Saint Cloud by Waxahatchee – Review

Merge – 2020

Katie Crutchfield, aka Waxahatchee, has always slipped through my fingers. Listening to her albums (mainly 2015’s Ivy Tripp and 2017’s Out In The Storm) is like having a conversation with someone interesting about a subject you barely know of, and despite how much attention you pay to the other person you don’t remember anyhting about it the day after.

I found that particularly annoying specially because of how good songwriter Crutchfield is. Her songs range from ethereal indie-rock anthems to energetic southern-drenched odes to youth and how the world isn’t actually waiting for us to catch up. The situation changed with Saint Cloud. Starting with its three excellent preceding singles, which actually got me excited for this album more than any other release in the first quarter of the year, the record is Waxahatchee’s most immediate.

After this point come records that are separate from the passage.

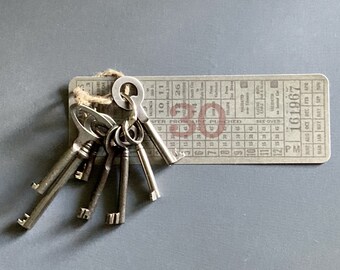 Authentic Vintage Skeleton Key Ring Set (#7 TOTAL)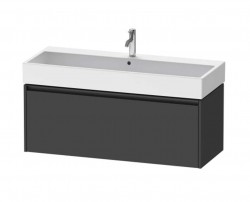 DURAVIT - Ketho.2 Umývadlová skrinka, 44x118x46 cm, 1 zásuvka, grafit mat (K25079049490000)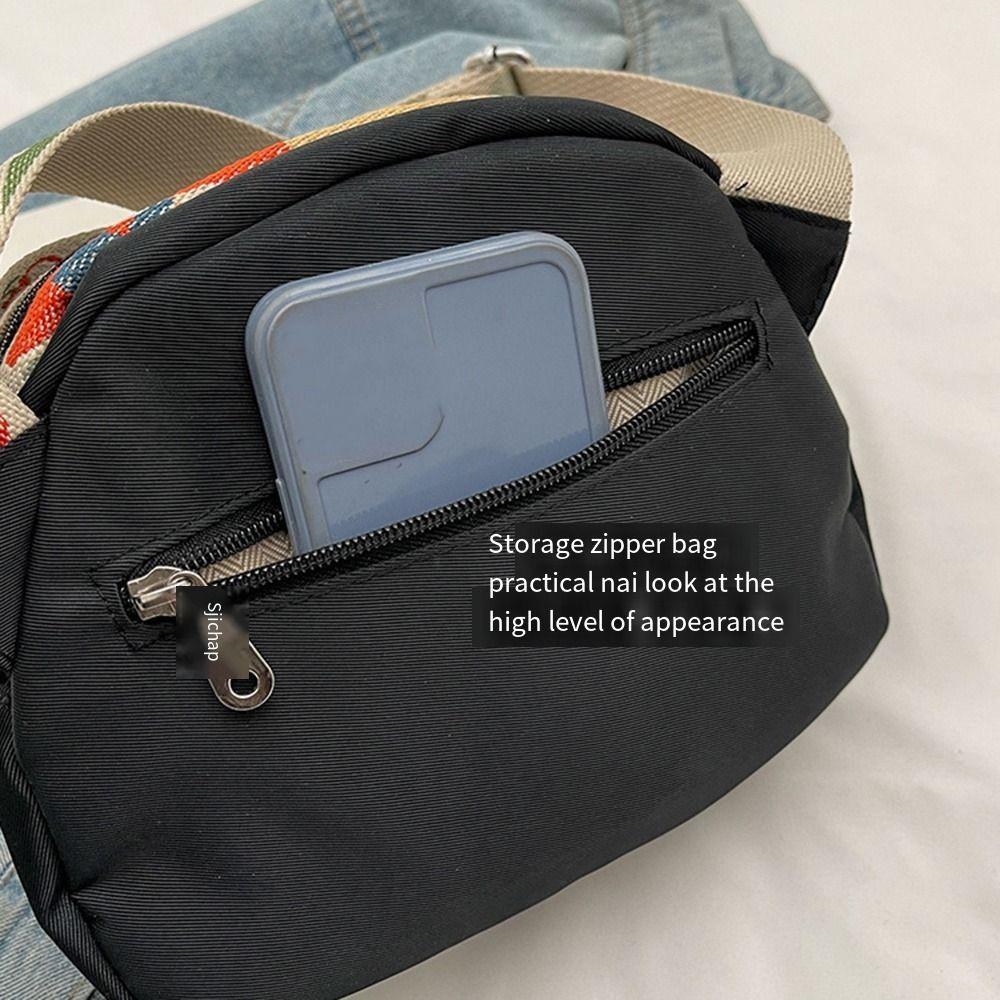 Large Capacity Shell Bag Wide Shoulder Strap Shoulder Bag Simple Women's Crossbody Bag  Camping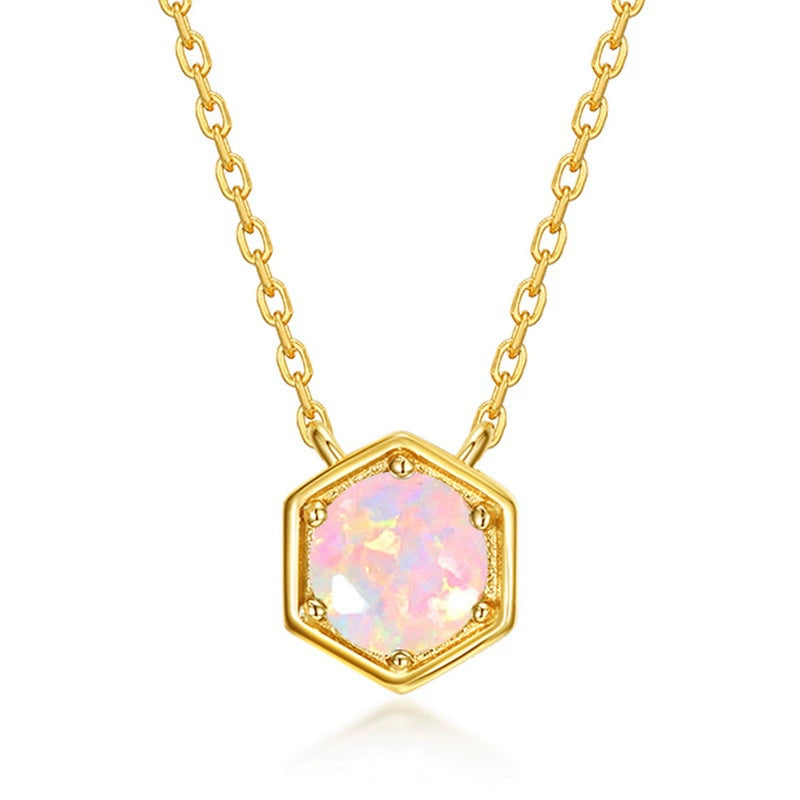 12 Months Birthstone Round Cut Classic Necklace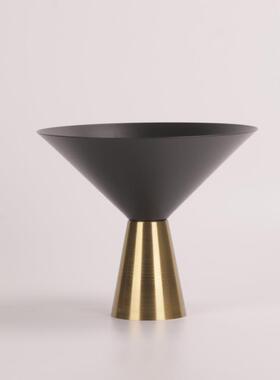 合金漏斗摆件组合简约现代轻奢家居饰品创意客厅样板间售楼部软装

The lyrics on Waxahatchee’s fifth album find her dealing with growth. Not in the simplistic way that’s usually embedded in capital-p personal music, but a detailed discovery of why you needed to grow out of whatever haunted you in the past. ‘Fire’, the first single off the album, is an example of this. A song Crutchfield described as ‘a personal pep talk’. ‘And when I turn back around/Will you drain me back out’ she sings over a steady rhythm section and gentle guitars, ‘Will you let me believe that I broke through?’ she calmly asks herself. Because the record’s questioning is born in Crutchfield’s own life and the only person with the answers is herself.

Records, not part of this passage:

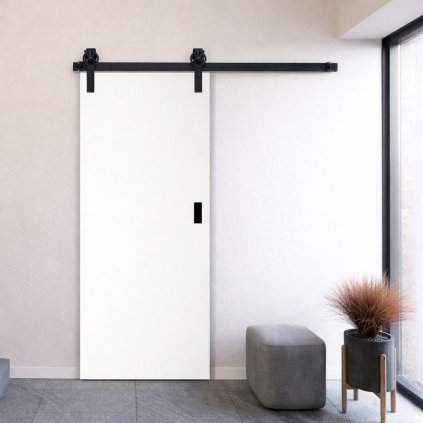 Dveře posuvné po stěně lakované plné roc design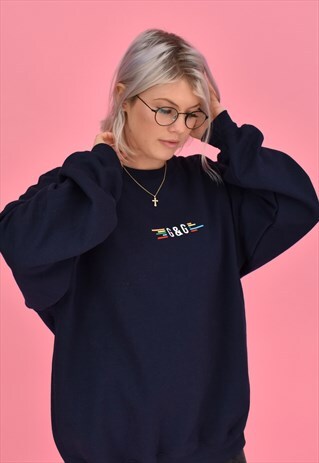 G&G UNISEX NAVY ORIGINAL SOUND SWEAT EM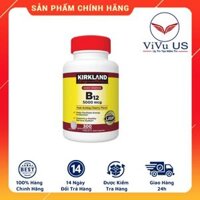 Vitamin B12 5000mcg Kirkland 300 viên: “Nhà Máy Năng Lượng” Từ Mỹ Cho Sức Khỏe Toàn Diện
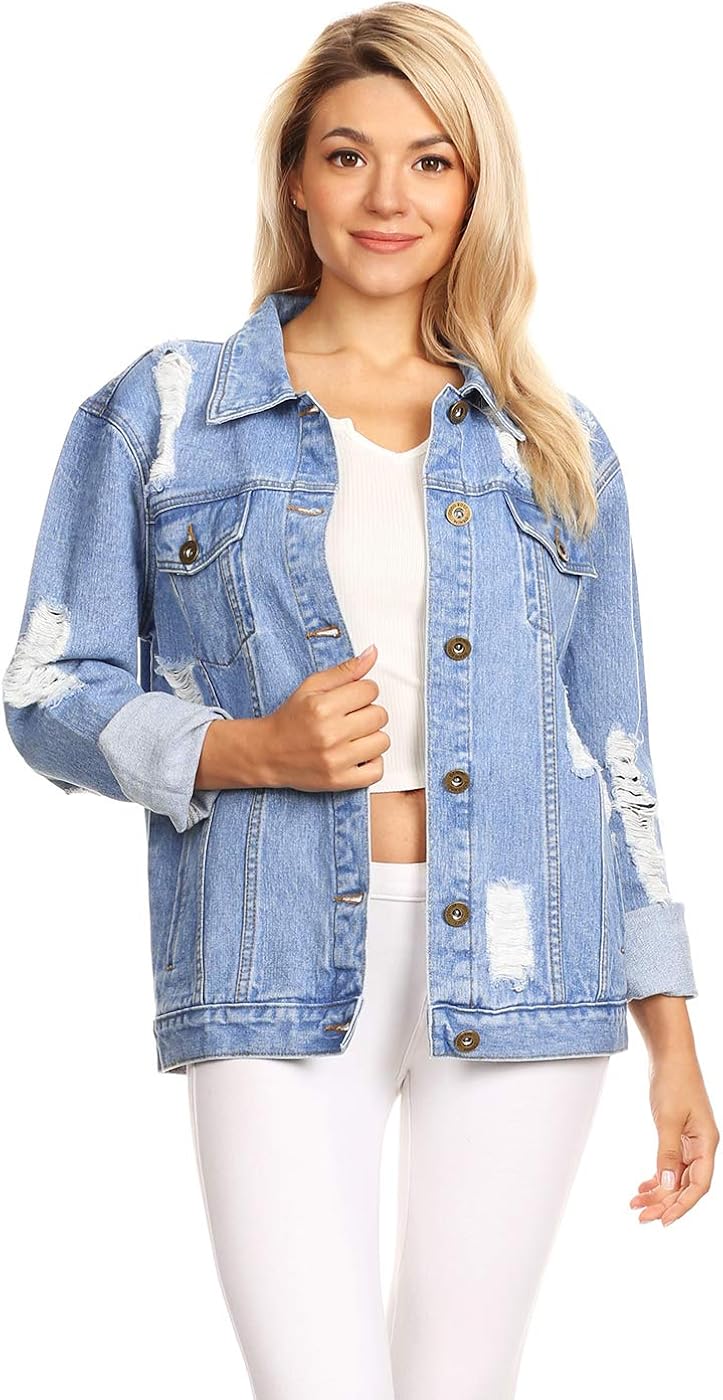scratch jeans jacket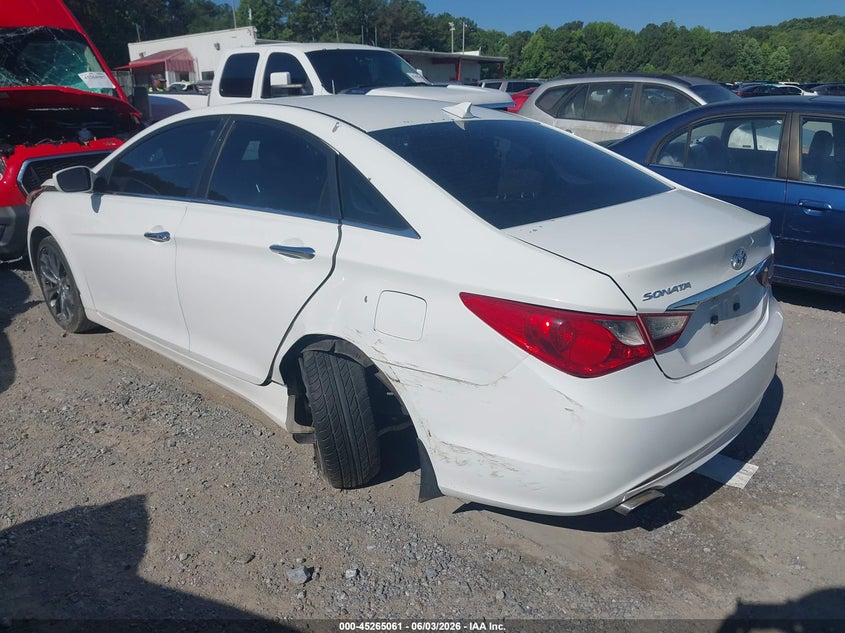 2012 Hyundai Sonata VIN 5NPEC4AC3CH355216 IAAI salvage auction — FRONT END, Salvage Title, sold $375 on 2026-07-14 (photo 3)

The music in the album ranges from the mid-tempo Americana and country-influenced ‘Can’t Do Much’ to the indie-folk of ‘Arkadelphia’. These sounds let Waxahatchee soar through these tracks, enabling her songwriting to tower above it all. And more notably, her voice is nuanced and vivacious. Sounding less restrained than ever, she gives every word its own time, mixing them swiftly or letting them elongate as long as she pleases. Moreover, the sounds that are peppered throughout, help the record feel markedly candid. An electric guitar here and there, the gentle drumming, some strings, the vocal harmonies; these are all elements in a chemical formula that succeeds at every turn.

Katie Crutchfield got sober between Saint Cloud and its predecessor. And although I can’t undoubtedly state that the album sounds more clear-headed, is hard to ignore that all of the tracks here are written from an unfettered point of view. On past releases, she never let substances cloud her vision but the path that she treads in this album seems only possible in this new circumstance. One that also (I just wanted to mention it but maybe has also a slight influence) includes her relationship with indie-folk troubadour Kevin Morby, an excellent musician, whose career its pretty much parallel to Waxahatchee’s.

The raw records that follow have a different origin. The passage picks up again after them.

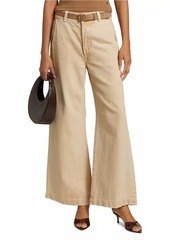 Citizens of Humanity Beverly Cotton-Blend Wide-Leg Jeans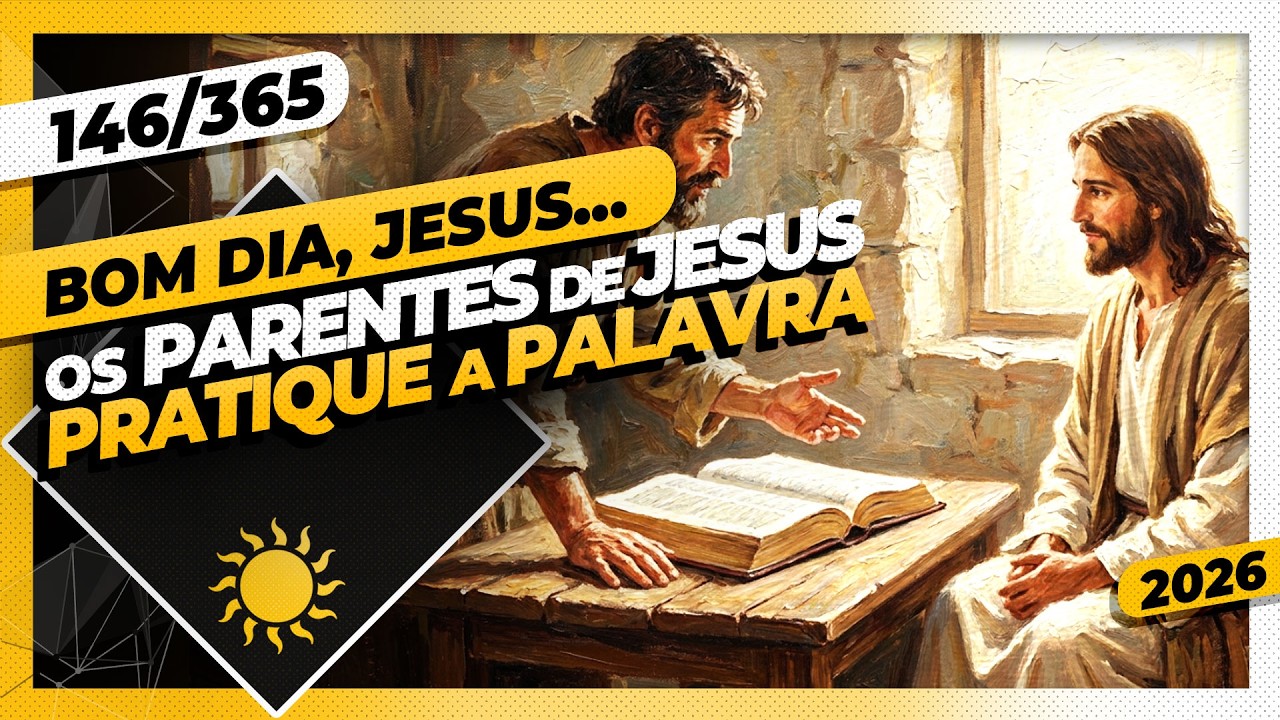 OS PARENTES DE JESUS: PRATIQUE A PALAVRA - Bom dia, Jesus! 146/365 (2026)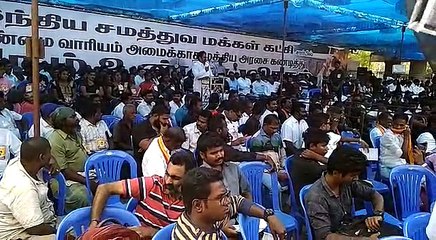 சரத்குமார் தலைமையில் சமத்துவ மக்கள் கட்சியினர் உண்ணாவிரதம்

Its ultimately the songs that take Saint Cloud to the top of Waxahatchee’s records. Yes, I mean that. This collection of tracks is superb and showcase a songwriter widening her view as far as she probably always wanted, but just now figured out how. ‘Look back at me, embers aglow’ she recitates in the coda of the beautiful closer ‘St. Cloud’, (a point in the record I realized it never let me go) making sure that I don’t forget it the next morning, or the whole year for that matter.